Knowledge is constructed and in turn constructs new knowledge (as in an
axiomatic system like arithmetic).
Specific constructions, such as number or length conservation, are only
possible once specific stages of cognitive development have been reached. Because development is natural, it should not
be interfered with, but any schooling needs to be consonant with natural
developmental processes. Charles Brainerd
summarizes Piaget’s position on schooling:
“…learning only occurs when two conditions are met. First, the training treatment incorporates
laws of spontaneous development. Second,
the to-be-trained subjects already possess the to-be-learned concept to some
measurable extent” (71).
If this sounds like a variation on John Dewey, you are
correct.

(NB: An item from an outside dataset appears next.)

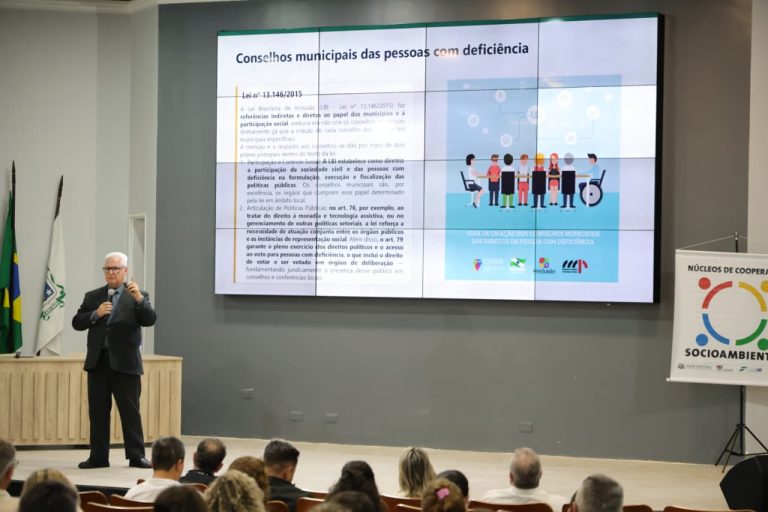 Procurador-Geral do MPC-PR aborda estruturação dos conselhos municipais durante seminário regional em Cascavel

The emphasis is on natural
processes that adults should not interfere with, merely “facilitate.” Not only may such interference be harmful, it
is likely superfluous: “As for teaching
children concepts that they have not attained in their spontaneous development,
it is completely useless” (qtd. in Brainerd 94).
It happens that a number of experiments have been done to
test how rigid Piagetian developmental stages are in children who have no
understanding of concepts like number conservation and class inclusion. Studies
examined the efficacy of teaching those concepts Piagetian theory suggests they
would be incapable of learning.
Self-discovery training had very little effect with subjects
who had no prior knowledge of the concepts at issue. “Moreover, unlike self-discovery procedures,
tutorial procedures have produced large learning effects in subjects with no
prior grasp of the to-be-trained concept” (Brainerd 91). For teachers used to providing scaffolding
before introducing new material, this is hardly surprising.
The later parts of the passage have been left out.